» **PROBLEM DESCRIPTION**: In the copy, every record below must appear exactly as given, and no picture may appear.

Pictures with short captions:
Content starts

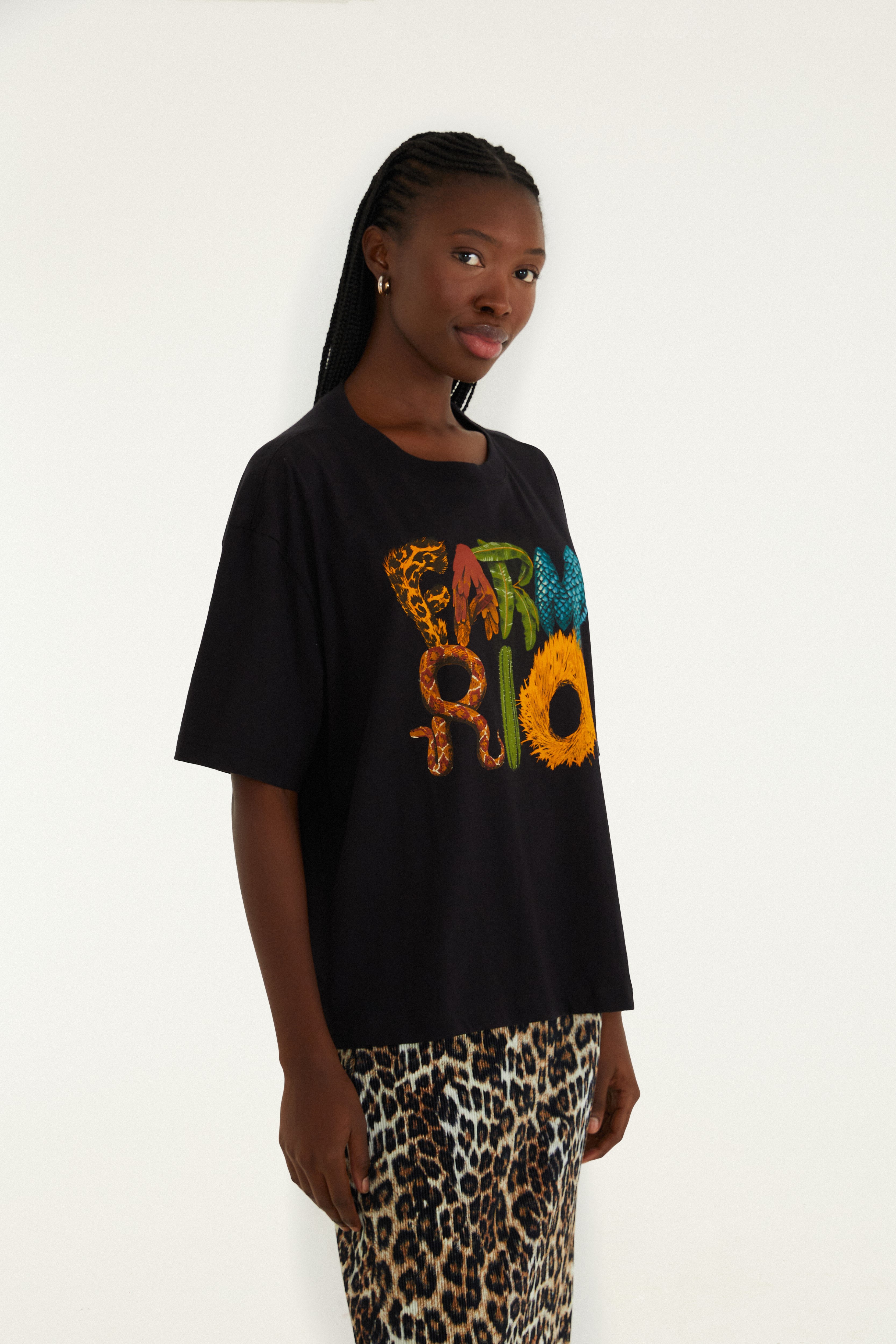 T-Shirt Quadrada Farm Rio Bichos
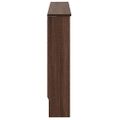 vidaXL Kryt radiátora Hnedý dub 172x19x81,5cm Kompozitné drevo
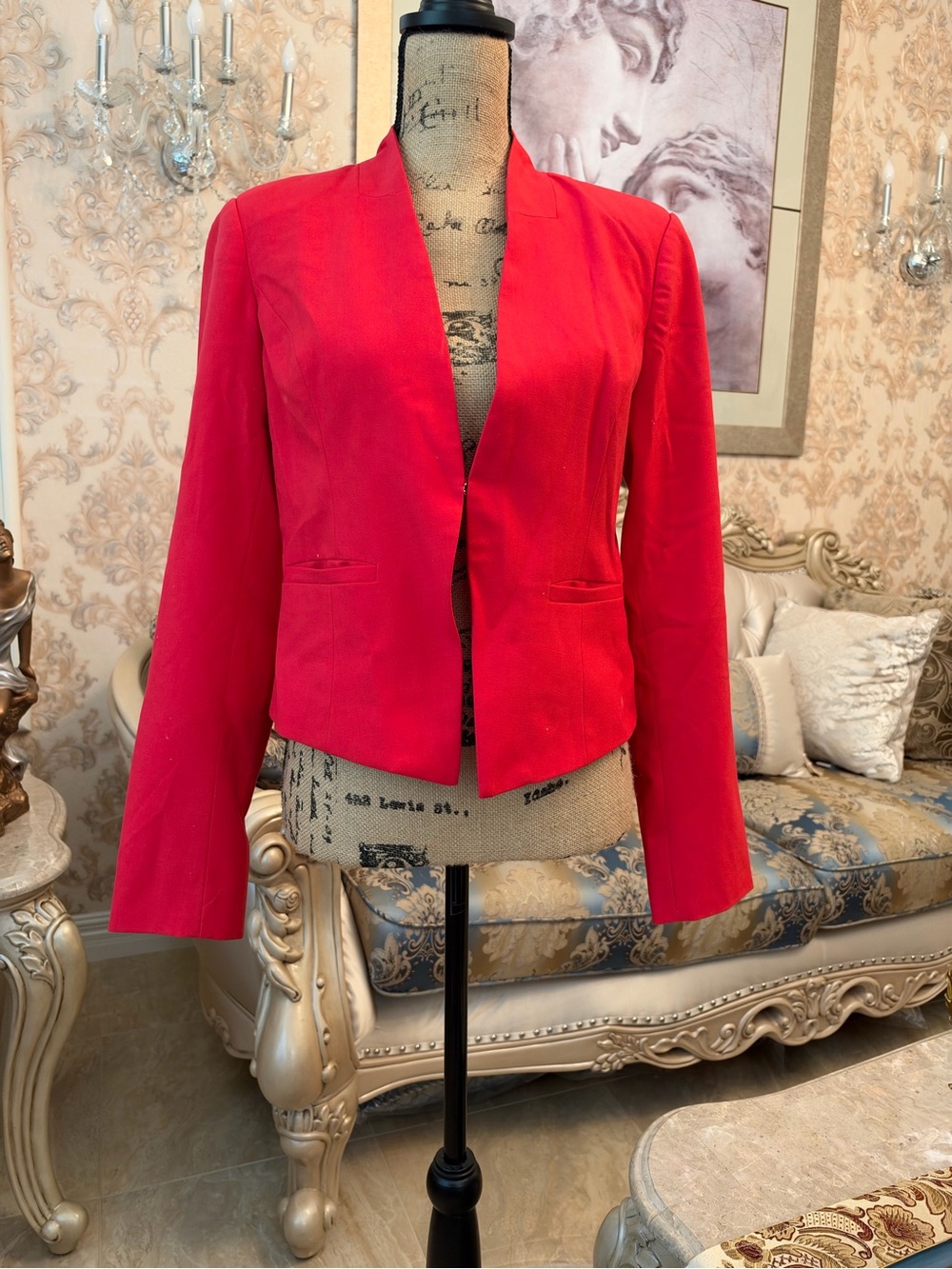 Laundry—Women’s Red Open-Front Blazer Jacket
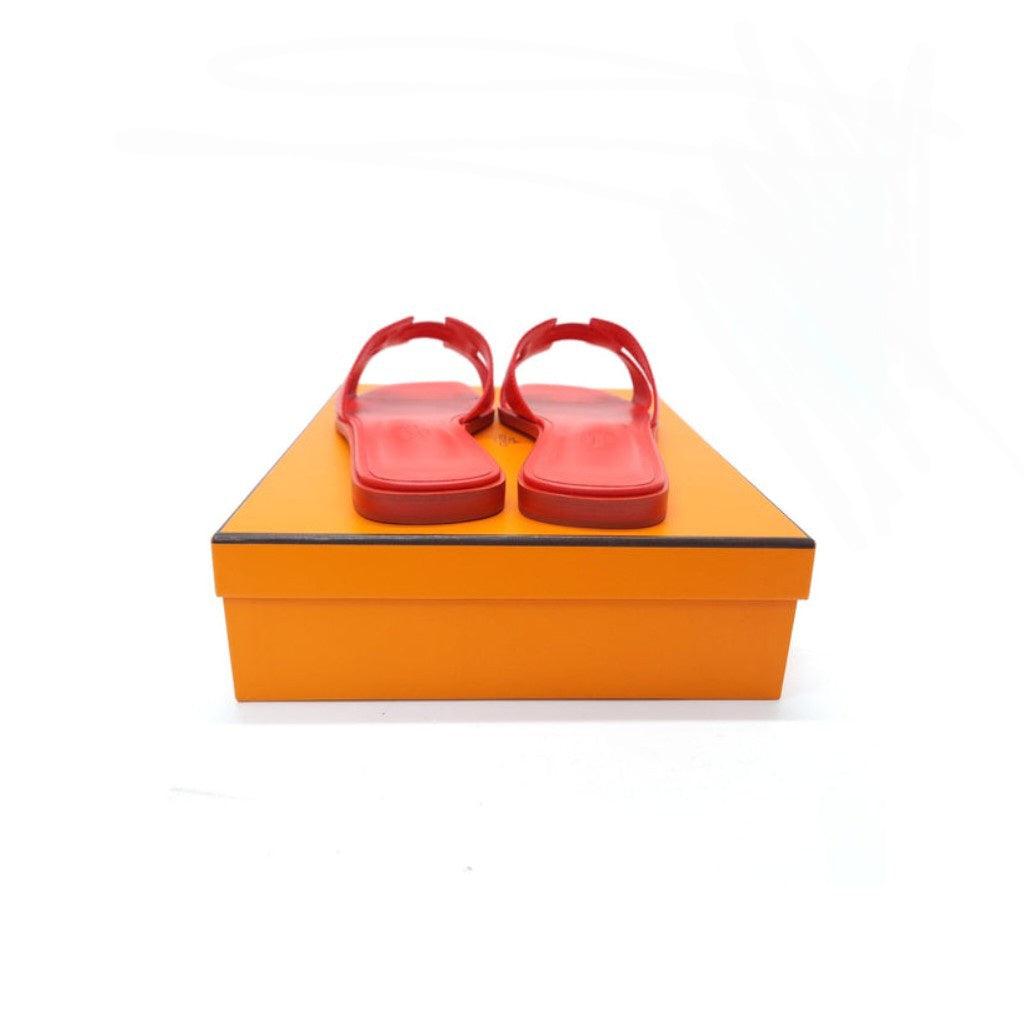 Hermes Oran Sandals (Rouge Bali)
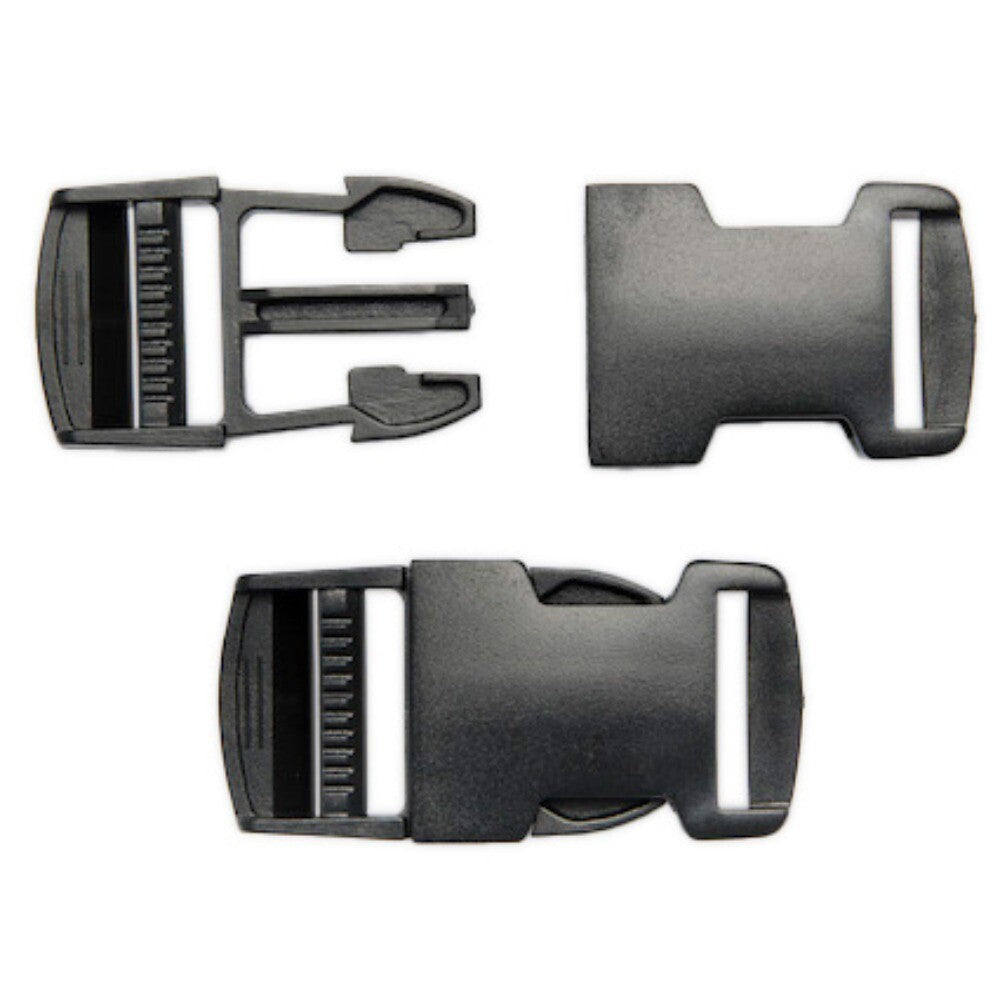 25mm and 40mm Delrin Quick Slide Release Buckle/Bag Clip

Content ends

» **SOLUTION TO THE EXERCISE**:
 T-Shirt Quadrada Farm Rio Bichos
 vidaXL Kryt radiátora Hnedý dub 172x19x81,5cm Kompozitné drevo
 Laundry—Women’s Red Open-Front Blazer Jacket
 Hermes Oran Sandals (Rouge Bali)
 25mm and 40mm Delrin Quick Slide Release Buckle/Bag Clip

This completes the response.